Even after the Revolutionary War, despite their support for the American cause, Catholics were looked down upon in New York City. There were only a few hundred in a population of almost 20,000. Being a Catholic didn’t get you far in New York in those days.

So how did that church get built? Well, there were some foreign diplomats from France and Spain and Portugal in the city then. New York was the nation’s capital at that time. (1785-1790)

There were a couple of well-to-do Catholic businessmen, but most of the Catholics that formed St. Peter’s were poor Irish and German immigrants and French refugees and slaves from the recent revolution in Haiti.

Not a good mix of people to form a parish, you might think. This new congregation, besides facing the anti-Catholic attitude of New Yorkers, was poor and getting poorer as new Catholic immigrants poured into New York from Europe. Its priests weren’t the best either. They seemed to be always squabbling among themselves. There were some scandals among them. The laypeople were also divided among themselves. There were factions that wanted to run the parish their way or no way. There wasn’t a bishop in the country at the time to straighten things out.

So what kept it going? The other day we celebrated the Feast for the Dedication of the Church of St. John Lateran in Rome. The liturgy for that feast offers some wonderful insights into what a church and a parish should be. “My house is a house of prayer,” Jesus says. This church is not a social hall; it’s a place where we meet God and God meets us. It’s a place where we are welcomed on our way through life by a living water that restores us and helps us grow. ( Ezekiel 47.1-12) It’s is a place where we remember our mission in this world: we’re builders of the City of God, living stones that together form the temple of God. ( 1 Corinthians 3, 9-17) It’s is a place of communion, where we commune with God and God with us.
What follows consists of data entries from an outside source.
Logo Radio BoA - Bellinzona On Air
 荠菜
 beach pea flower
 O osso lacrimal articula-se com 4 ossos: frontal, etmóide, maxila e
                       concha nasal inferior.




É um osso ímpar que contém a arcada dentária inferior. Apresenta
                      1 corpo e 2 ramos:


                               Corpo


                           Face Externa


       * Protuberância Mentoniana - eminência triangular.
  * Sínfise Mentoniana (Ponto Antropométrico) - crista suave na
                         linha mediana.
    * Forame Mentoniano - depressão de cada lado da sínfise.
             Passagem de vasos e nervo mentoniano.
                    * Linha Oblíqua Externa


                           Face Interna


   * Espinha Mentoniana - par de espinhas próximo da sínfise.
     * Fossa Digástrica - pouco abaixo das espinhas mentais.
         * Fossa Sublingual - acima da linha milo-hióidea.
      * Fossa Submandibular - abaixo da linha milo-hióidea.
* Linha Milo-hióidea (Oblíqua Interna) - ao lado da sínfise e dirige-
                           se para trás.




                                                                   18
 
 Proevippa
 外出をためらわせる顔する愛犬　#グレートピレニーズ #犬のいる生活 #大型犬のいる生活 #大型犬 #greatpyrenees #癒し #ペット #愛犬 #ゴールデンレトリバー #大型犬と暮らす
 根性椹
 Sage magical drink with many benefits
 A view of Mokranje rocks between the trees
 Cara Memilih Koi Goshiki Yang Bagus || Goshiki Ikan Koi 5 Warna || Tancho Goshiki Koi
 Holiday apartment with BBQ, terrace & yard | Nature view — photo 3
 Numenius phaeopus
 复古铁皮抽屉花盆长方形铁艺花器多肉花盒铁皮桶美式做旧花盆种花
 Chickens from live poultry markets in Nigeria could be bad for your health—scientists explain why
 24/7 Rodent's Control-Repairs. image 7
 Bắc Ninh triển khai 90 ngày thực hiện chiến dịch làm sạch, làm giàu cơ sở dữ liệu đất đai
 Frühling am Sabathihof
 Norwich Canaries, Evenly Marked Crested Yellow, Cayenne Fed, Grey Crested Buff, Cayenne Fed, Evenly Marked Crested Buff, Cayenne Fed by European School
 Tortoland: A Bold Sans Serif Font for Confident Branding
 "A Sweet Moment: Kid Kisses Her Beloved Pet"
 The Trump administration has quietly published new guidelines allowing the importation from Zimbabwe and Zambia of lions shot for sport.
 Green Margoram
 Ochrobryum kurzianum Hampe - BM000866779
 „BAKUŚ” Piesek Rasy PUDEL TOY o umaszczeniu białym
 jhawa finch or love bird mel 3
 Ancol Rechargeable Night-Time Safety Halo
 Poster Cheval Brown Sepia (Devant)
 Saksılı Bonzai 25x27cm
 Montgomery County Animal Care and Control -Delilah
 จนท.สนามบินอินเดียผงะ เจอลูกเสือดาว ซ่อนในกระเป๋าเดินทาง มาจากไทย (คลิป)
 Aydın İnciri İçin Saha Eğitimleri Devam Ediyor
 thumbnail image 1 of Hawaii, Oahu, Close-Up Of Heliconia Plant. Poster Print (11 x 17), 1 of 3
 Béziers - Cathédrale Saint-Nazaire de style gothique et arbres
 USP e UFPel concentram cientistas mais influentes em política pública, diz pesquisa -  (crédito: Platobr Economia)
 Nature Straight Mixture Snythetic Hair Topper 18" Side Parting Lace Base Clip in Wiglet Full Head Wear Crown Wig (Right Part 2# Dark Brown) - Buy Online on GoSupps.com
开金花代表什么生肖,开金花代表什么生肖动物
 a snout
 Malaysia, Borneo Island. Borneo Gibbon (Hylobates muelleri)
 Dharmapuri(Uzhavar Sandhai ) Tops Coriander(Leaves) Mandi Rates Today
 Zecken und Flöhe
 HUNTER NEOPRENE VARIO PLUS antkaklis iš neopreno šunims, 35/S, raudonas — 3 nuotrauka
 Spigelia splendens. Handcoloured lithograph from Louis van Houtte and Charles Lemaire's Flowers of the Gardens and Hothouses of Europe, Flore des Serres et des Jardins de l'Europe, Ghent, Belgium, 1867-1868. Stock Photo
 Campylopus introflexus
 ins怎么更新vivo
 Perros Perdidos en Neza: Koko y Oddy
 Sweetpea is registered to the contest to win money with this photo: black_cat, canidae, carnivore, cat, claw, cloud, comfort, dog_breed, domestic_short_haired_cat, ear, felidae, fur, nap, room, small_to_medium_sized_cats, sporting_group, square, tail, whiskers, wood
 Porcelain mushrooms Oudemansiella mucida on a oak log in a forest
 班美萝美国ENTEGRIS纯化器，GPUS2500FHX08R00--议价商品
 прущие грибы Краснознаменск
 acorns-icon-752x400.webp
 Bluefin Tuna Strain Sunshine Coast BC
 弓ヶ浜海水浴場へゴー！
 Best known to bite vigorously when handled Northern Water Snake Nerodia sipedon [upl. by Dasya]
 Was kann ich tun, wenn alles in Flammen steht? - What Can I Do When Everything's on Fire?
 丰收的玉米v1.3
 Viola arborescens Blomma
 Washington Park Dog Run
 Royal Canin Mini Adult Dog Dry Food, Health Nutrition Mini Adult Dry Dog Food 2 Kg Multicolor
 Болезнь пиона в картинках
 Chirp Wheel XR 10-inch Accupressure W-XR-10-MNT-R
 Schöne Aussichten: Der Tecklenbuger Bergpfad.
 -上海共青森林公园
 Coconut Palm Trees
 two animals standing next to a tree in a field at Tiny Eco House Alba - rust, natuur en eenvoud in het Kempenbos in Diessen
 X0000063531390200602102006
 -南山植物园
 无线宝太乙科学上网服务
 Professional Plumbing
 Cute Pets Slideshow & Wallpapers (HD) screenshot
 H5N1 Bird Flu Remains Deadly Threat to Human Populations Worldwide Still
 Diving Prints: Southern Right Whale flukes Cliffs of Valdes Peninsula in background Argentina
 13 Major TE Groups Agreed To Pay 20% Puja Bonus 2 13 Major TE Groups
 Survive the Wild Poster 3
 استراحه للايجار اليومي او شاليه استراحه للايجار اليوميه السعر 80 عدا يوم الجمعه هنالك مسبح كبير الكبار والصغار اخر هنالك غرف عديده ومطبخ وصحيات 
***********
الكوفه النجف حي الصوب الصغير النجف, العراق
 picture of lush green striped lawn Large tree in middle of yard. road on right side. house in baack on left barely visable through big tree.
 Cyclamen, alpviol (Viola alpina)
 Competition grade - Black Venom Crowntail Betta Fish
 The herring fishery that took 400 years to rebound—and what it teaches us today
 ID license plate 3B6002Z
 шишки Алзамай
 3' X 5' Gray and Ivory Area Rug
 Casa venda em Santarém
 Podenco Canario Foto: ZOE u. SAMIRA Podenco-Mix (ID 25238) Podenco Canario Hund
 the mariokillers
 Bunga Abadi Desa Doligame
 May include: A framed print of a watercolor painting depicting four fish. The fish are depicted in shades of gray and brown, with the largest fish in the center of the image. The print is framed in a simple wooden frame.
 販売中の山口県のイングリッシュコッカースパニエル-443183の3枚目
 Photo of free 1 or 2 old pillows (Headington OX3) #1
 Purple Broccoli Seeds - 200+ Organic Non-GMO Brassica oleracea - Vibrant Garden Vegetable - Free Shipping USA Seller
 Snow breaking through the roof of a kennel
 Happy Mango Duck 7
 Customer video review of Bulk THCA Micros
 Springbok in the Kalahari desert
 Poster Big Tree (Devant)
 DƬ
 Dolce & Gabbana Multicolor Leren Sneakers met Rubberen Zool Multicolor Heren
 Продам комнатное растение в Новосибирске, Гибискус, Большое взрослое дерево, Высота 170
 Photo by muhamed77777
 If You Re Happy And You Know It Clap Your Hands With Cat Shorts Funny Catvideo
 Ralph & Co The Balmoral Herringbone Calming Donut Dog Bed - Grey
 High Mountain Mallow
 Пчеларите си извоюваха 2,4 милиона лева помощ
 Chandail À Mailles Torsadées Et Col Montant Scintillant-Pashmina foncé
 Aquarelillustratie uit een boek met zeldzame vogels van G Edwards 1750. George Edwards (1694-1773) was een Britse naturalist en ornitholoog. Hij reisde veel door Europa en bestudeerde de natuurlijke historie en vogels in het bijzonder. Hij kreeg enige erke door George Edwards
The readings for the feast say a church is a place of welcome. It’s where the lost sheep find their way home. It’s where people like Zacchaeus, the tax collector mentioned in St. Luke’s gospel, find new hope for their lives. It’s is a place of sacraments, where infants are blessed, where marriages begin, where we put our dead in the hands of God who promises eternal life.

What keeps a church and a parish going is its spiritual life, its life of prayer, its life of ministry.

Whenever I go to St. Peter’s Church on Barley Street I point out two markers at its entrance. One says that St. Elizabeth Seton, the first native born American saint, was received into the Catholic Church here in 1806. She had been a member of a prominent Anglican church just down the street, Trinity Church, but came to St. Peter’s drawn by her faith in the Mass and the Blessed Sacrament. Socially, it was step down for her. Spiritually, she found a home here in this struggling, messy parish of poor immigrants.

The other marker recalls Pierre Toussaint, a Haitian slave who was also a member of this church in colonial times. He became a famous New York hair-dresser and was welcomed into the homes of elite members of New York society for over 50 years. For 50 years he came to Mass every morning at St. Peter’s. He’s buried in the crypt at St. Patrick’s Cathedral and in being proposed for canonization today.

The church is not a place of brick and stone. It’s a place for people, holy people, to meet God and one another.  They make the church.